Ya en Del único modo de atraer a todos los pueblos a la verdadera religión, de 1534, Las Casas había dejado preguntas de hondas repercusiones para la forma de hacer misión: “¿Qué tiene que hacer el Evangelio con las armas de fuego? ¿Qué tienen que hacer los heraldos del Evangelio con ladrones armados?” La respuesta entonces y ahora es nada, si es que se busca responder a la manera de Cristo, siempre buscando la paz y la reconciliación.
El cuestionamiento que hizo Las Casas en Valladolid al teólogo imperial Juan Ginés de Sepúlveda, y a todos quienes todavía en nuestros tiempos coinciden con él respecto a usar la coerción (si no ya física, pero simbólica) para que las personas se hagan cristianas, sigue resonando hoy: “¿Cómo se compagina el ejemplo de Cristo con el hecho de repartir lanzadas entre los indios desconocidos antes de predicarles el Evangelio, y aterrorizar sin medida a personas totalmente inocentes por medio de un despliegue de arrogancia y de la furia de la guerra y obligarlos a escoger entre la muerte y la huida?”

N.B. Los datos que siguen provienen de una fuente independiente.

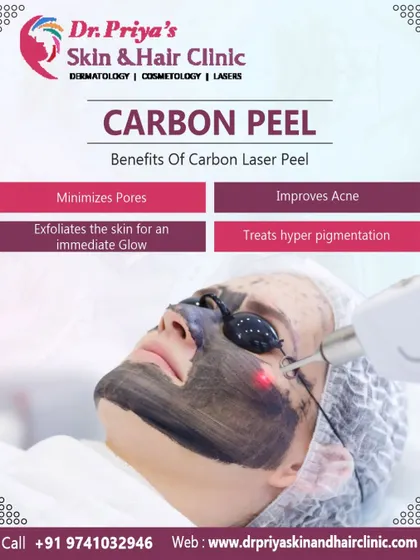 This infographic summarizes the key benefits of a carbon laser peel. It is an excellent multi-tasking treatment that minimizes pores, improves acne, provides an immediate glow through exfoliation, and treats hyperpigmentation.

Los señalamientos y denuncias de Montesinos y Las Casas resuenan hoy. Dejan pleno testimonio que viviendo en el mismo tiempo de los conquistadores tuvieron otro horizonte conceptual acerca de cómo interactuar con los pueblos indígenas. Por lo tanto no es necesario mirar con ojos del siglo XXI sucesos del siglo XVI, lo que sería anacronismo historiográfico, para reconocer la devastación padecida por los pobladores originarios del Nuevo Mundo. Montesinos y Las Casas son baluartes y ejemplos de otra España.